TEIKA:正直言うと、最初にZepp DiverCity(TOKYO)を決めたときに僕はちょっと不安もあったんです。だけど、春にSpotify O-EASTでやって、こうして『ZODIAC』というアルバムを完成させて、今またツアーに出てみたらその不安はもうなくなってました。ひとつのドラマとしてはもう少し波乱とかあったほうがいいのかもしれないですけど(笑)、このまま行けば僕らはもう優勝確定です。

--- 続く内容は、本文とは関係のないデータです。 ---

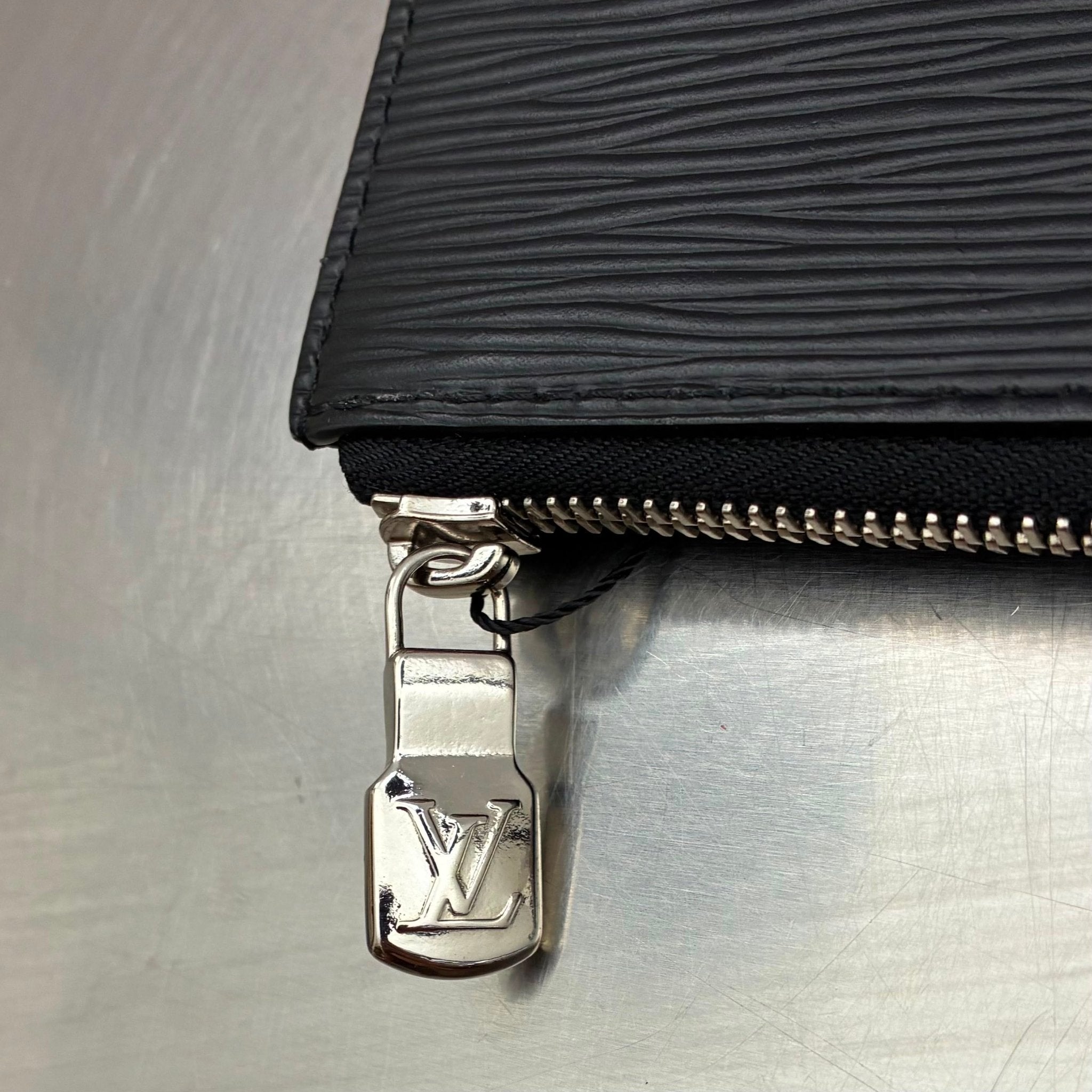 Louis Vuitton Pochette Jour GM Epi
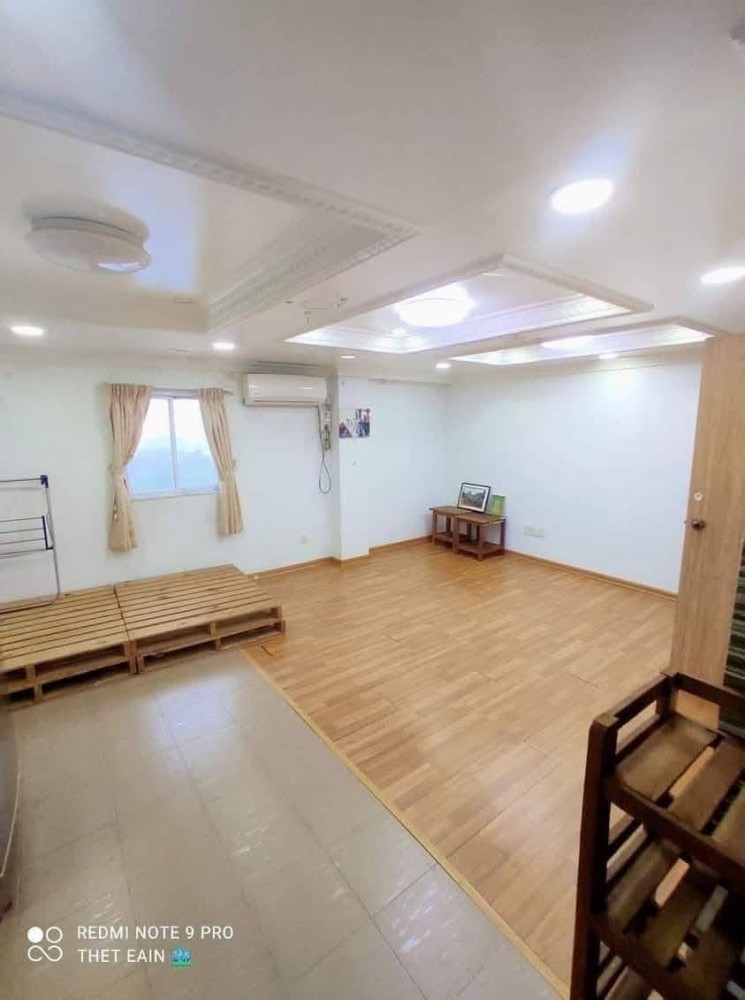 မြေကွက် ၊ ခြံ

Leo:それに、Zepp DiverCity(TOKYO)は零[Hz]にとっての到達点ではなく通過点だからね。現段階だと36本あるうちのまだ4本しか終わってないとはいえ(※取材は4月下旬)、TEIKAも言ってたみたいに今はここからどうなるんだろう? って不安よりも、ここからもっと良くしていきたいという希望のほうが断然大きいです。なんなら、もうZepp DiverCity(TOKYO)の先のことまで考えたりして、もっとこの先が楽しみになってる状態なんですよ。

ROY:ライヴをたくさんやっていくことで鍛えられていくのは間違いないと思うので、僕はこれからも夢を見続けていたいなと思ってます。バンドを始めた頃からずっと考えてる"武道館に立ったらどんな感じなのかな?"とか、そんな自分の夢をいつかみんなの夢として叶えることができるように、ここからもずっと進んでいきたいです。

TEIKA:あ、個人的には今回のツアーで沖縄に行けるのもわりと楽しみです(笑)。